3.3 Classifiers for learning

In our techniques, we tried SVM (Boser et al., 1992) and Logistic regression (LR) (Hastie et al., 2009) with ℓ₁ and ℓ₂ regularization. A linear kernel was used for SVM experiments. Since our feature set is very high dimensional, the ℓ₁ regularization-based methods were the most efficient. We found that LR with ℓ₁ regularization (LR L1) had the best accuracy in all our experiments. This is explained by the fact that our feature set is very sparse and ℓ₁ is known to learn sparse hypotheses well. We used the Liblinear implementation by (Fan et al., 2008) for both SVM and LR.

3.4 Experimental setup

Our evaluation criteria were chosen considering the characteristics of our dataset: high class imbalance and small number of labelled examples. Instead of using accuracy that measures performance over both the classes, we use precision, recall and F1 computed on the positive class. Note how a classifier that labels all data as ‘negative’ will have a high accuracy but 0 recall.

3.4.1 Bootstrap sampling experiments

Bootstrap sampling (Efron and Tibshirani, 1994) is used in statistical estimation when the available labelled examples are small in number. We perform 100 randomized bootstrap sampling experiments. For each experiment, we first make two random splits of 60 and 40% of the data, such that the class ratio of 1:100 is maintained in both. The training set is constructed using a bootstrap sample from the 60% split and the test data from the 40% split. Precision and recall are computed for each experiment and then averaged over the 100 experiments.

3.4.2 Precision–recall curves

(PR) curves have been shown to give a more informative picture of an algorithm's performance than ROC curves in the case of high class imbalance (Davis et al., 2006). The PR curve for every method was obtained by averaging over the 100 bootstrap sampling experiments.

3.4.3 Leave-one-out cross-validation

This technique, also called ‘jack-knifing’ is known to give an almost unbiased estimate of the true error, as it uses most of the available labelled data.
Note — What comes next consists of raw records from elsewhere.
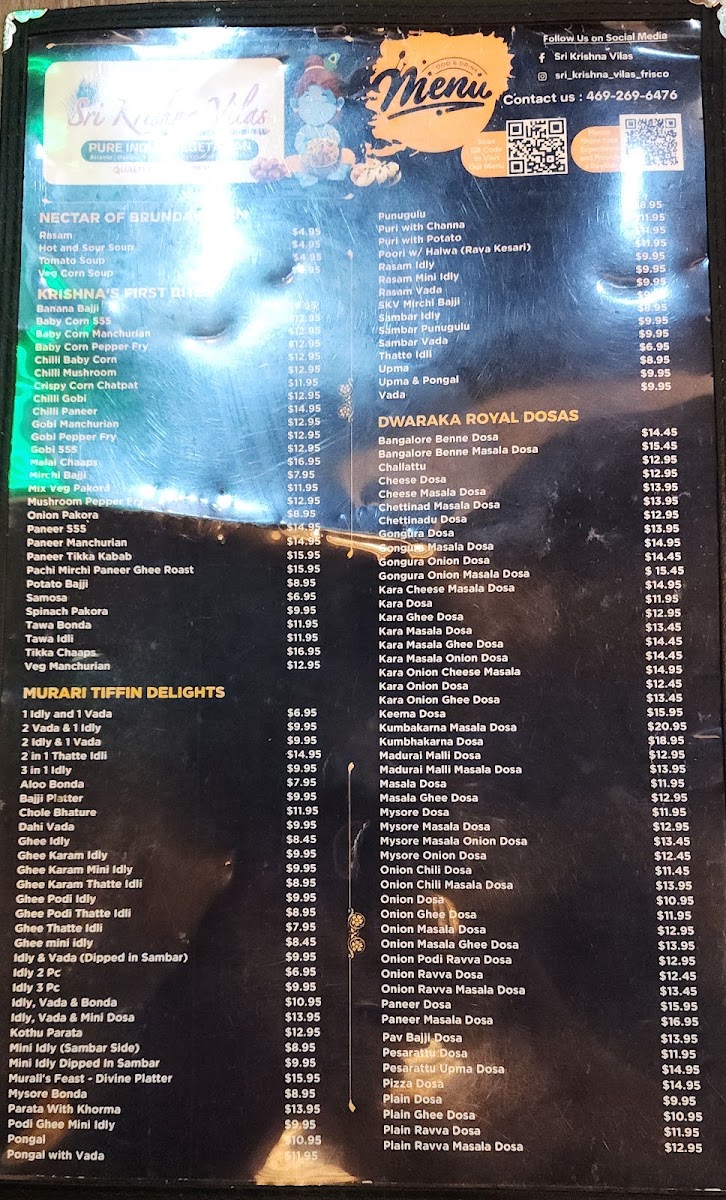Sri Krishna Vilas - Pure Indian Vegetarian Restaurant, Frisco, TX menu board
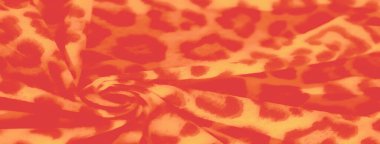 Görüntü. Bu canlı kumaş, bulanık kenarları ve yumuşak dokusu olan çarpıcı turuncu ve sarı leopar deseni içerir. Dönen kıvrımlar kumaşa dinamik ve soyut bir cazibe katıyor..
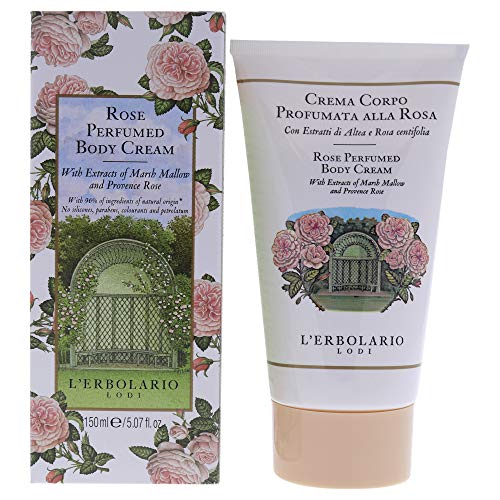 L'Erbolario Body Cream ? Moisturizing Body Butter with Marsh Mallow and Provence Rose ? Nourishing Skin Care with Floral Amber Scent ? Rose - 5.1 oz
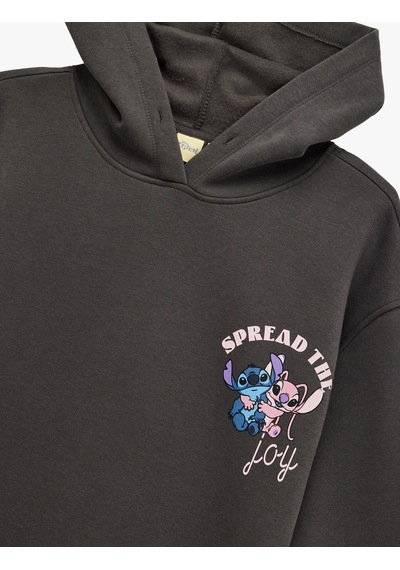 Koton Şardonlu Stitch Lisanslı Baskılı Uzun Kollu Kapüşonlu Oversize Sweatshirt Antrasit 6wal10486ık Antrasit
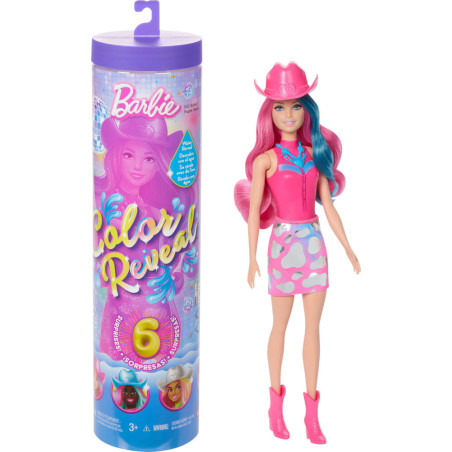 Barbie Color Reveal Puppe mit pink-blauem Haar, pinkem Cowboyhut und Rock mit buntem Herzmuster.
It is a cross-validation technique where one instance is left out in each iteration and used for testing. Say the gold standard dataset contains P positive examples. We perform P experiments leaving out one positive and 100 negative examples in each, while training the model on the remaining P−1 positives and (P−1)×100 negatives. This maintains the class ratio in all experiments at 1:100.

3.4.4 Parameter tuning

To tune parameters, we perform a grid search over a range of possible parameter values and combinations of learning algorithms (SVM or LR) and type of regularization (ℓ₁ or ℓ₂). The parameters for SVM and LR are the tradeoff parameter λ and the class-specific loss parameters C₊ and C₋. We did a 5-fold nested cross validation (Varma and Simon, 2006), the results are reported in the Supplementary Material. The parameters that give best performance were chosen and fixed for all the random sampling and leave-one-out cross-validation (LOOCV) experiments. The same tuning technique was used for the alternate algorithms we compare against.

4 RESULTS

We evaluate our cross-species imputation technique by comparing it (i) with other imputation techniques and (ii) with other recent work in host–pathogen PPI prediction. Results are shown in Table 3 for the two scenarios. For the 100 bootstrap sampling experiments, along with precision and recall averaged across 100 runs, we also show the standard deviation ‘σ ’.

Table 3.

First three columns show the performance of various techniques on precision, recall and F1 averaged over 100 bootstrap sampling experiments along with the standard deviation ‘σ ’. The last three columns show the precision, recall and F1 obtained using LOOCV. Bold entries correspond to highest accuracy achieved across the various methods. ‘RF’, Random Forest, ‘LR’, Logistic Regression; ‘L1’ refers to the ℓ₁ regularizer.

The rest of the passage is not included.